Sisters in Charge, the estate sale arm of our company, offers expert guidance in sorting through people’s accumulations, and turning unwanted items into new-found money for homeowners and new-found treasures for you.
Collins McKenzie says there are five timeless finds and valuable antiques shoppers should always be on the lookout for, and, if need be, restore. They include:
According to homethingspast.com, wingback chairs or fireside chairs were designed for enjoying the warmth of a fire while your back and sides were protected from chilly drafts. By the early 1700s, the chairs features cabriole legs and curving lines that set off the beautiful upholstery.
The Romans were the first to create a large, semicircular table, but smaller and more elegant versions began appearing in French entry halls in the 1700s, OneKingsLane.com. By the 1750s, the newly dubbed Demilune table was everywhere.
The Settee, or sofa, was an upholstered seat with back and arms (sometimes upholstered), designed to accommodate two or more people in a sitting or reclining position, according to brittanica.com. The earliest surviving types, dating back to the 17th century in Europe, have sides that let down for conversion into a bed.
In colonial America, wooden dough bowls were a warm place where bread could rise prior to baking. A good dough bowl was handed down through generations with each descendant adding her own mark to the history written in wood until she left her dough bowl to her children.

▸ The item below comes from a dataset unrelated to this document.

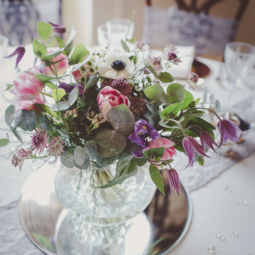 wedding centerpiece with floral arrangement in a bowl vase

Silverware is the generically used term to describe our eating utensils – knives, spoons, forks – and also serving dishes and decorative items.
Since the Romans, silver has been used to make utensils, but only royalty or the very wealthy could afford it until the end of the nineteenth century. Indeed, the ability to own and control precious metals has always been the prerogative of nobility and the wealthy merchant classes, writes encyclopedia.com. In the eighteenth century, silver eating utensils and serving pieces were popular in Europe and America for those who could afford them. Gorham Manufacturing Company began making table silver in the U.S. in 1831.